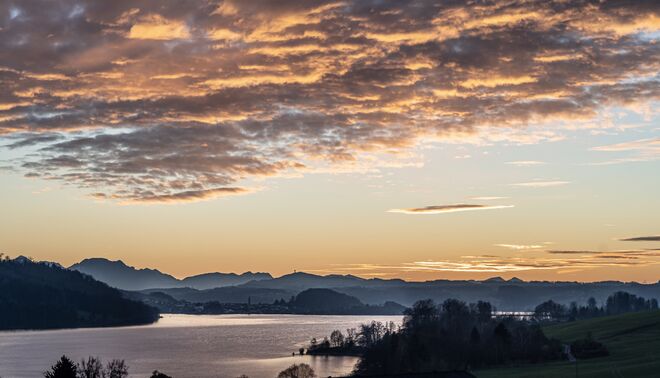 Dramatische Wolkenstimmung über dem Mattsee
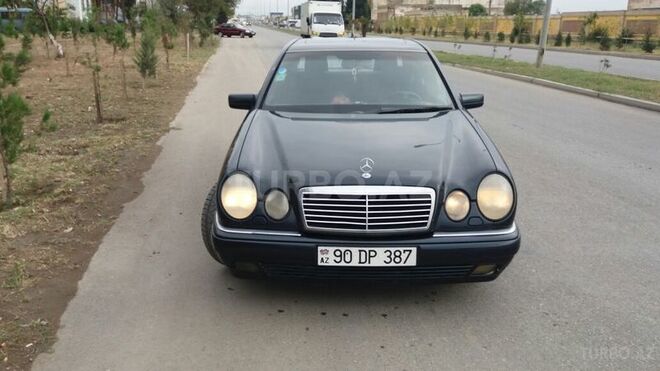 Mercedes E 230 1997, 212,000 km - 2.3 l - Sumqayıt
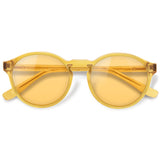 Elli Gold com lente colorida amarela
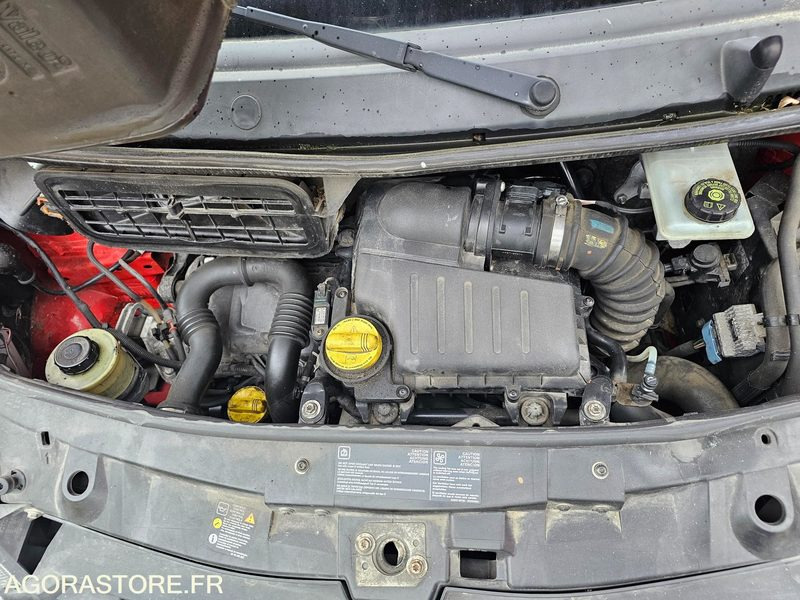 Gesloten bestelwagen OPEL VIVARO 246157kms 2008 - 5789VX86: afbeelding 18 Gesloten bestelwagen OPEL VIVARO 246157kms 2008 - 5789VX86: afbeelding 18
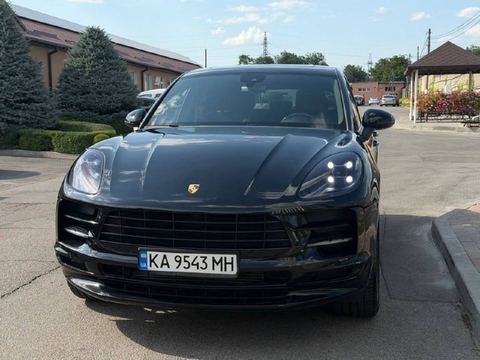Porsche Macan — фото 1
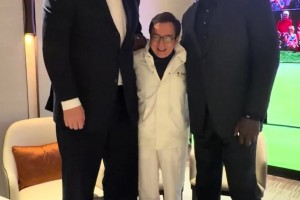 和姚明與成龍合影！奧尼爾曬視頻：一個(gè)時(shí)代的同框，老友相見(jiàn)格外開(kāi)心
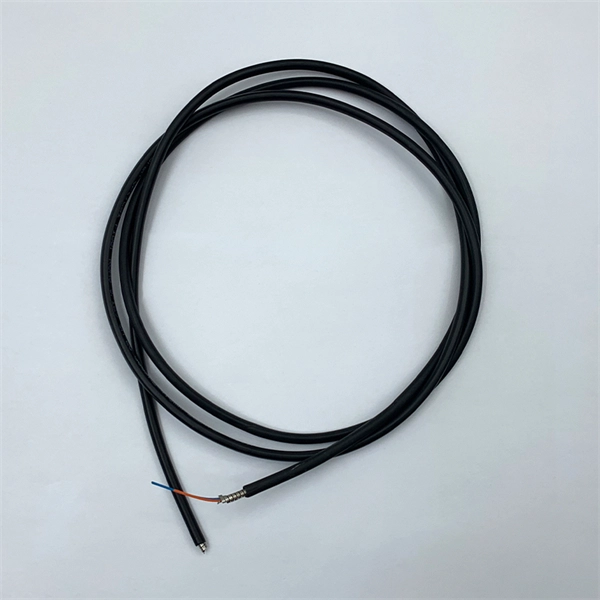 How to wire the male and female plugs in the distribution box 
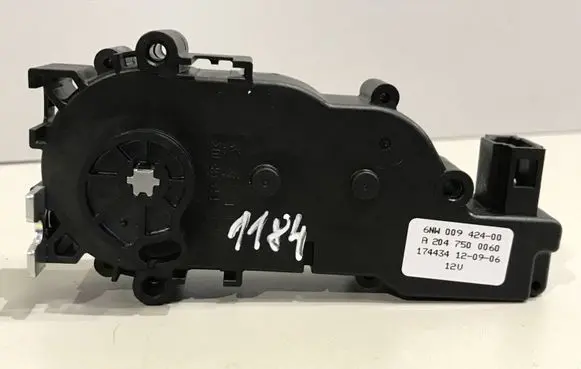 Mercedes-Benz ML W166 Tailgate boot lock/latch motor A2047500060 6NW00942400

**What you need to do**
Each line from the one containing "和姚明與成龍合影！奧尼爾曬視" through the end of the listing is to be set down exactly, with all pictures left out.

**Result of this exercise**
 和姚明與成龍合影！奧尼爾曬視頻：一個(gè)時(shí)代的同框，老友相見(jiàn)格外開(kāi)心
 How to wire the male and female plugs in the distribution box 
 Mercedes-Benz ML W166 Tailgate boot lock/latch motor A2047500060 6NW00942400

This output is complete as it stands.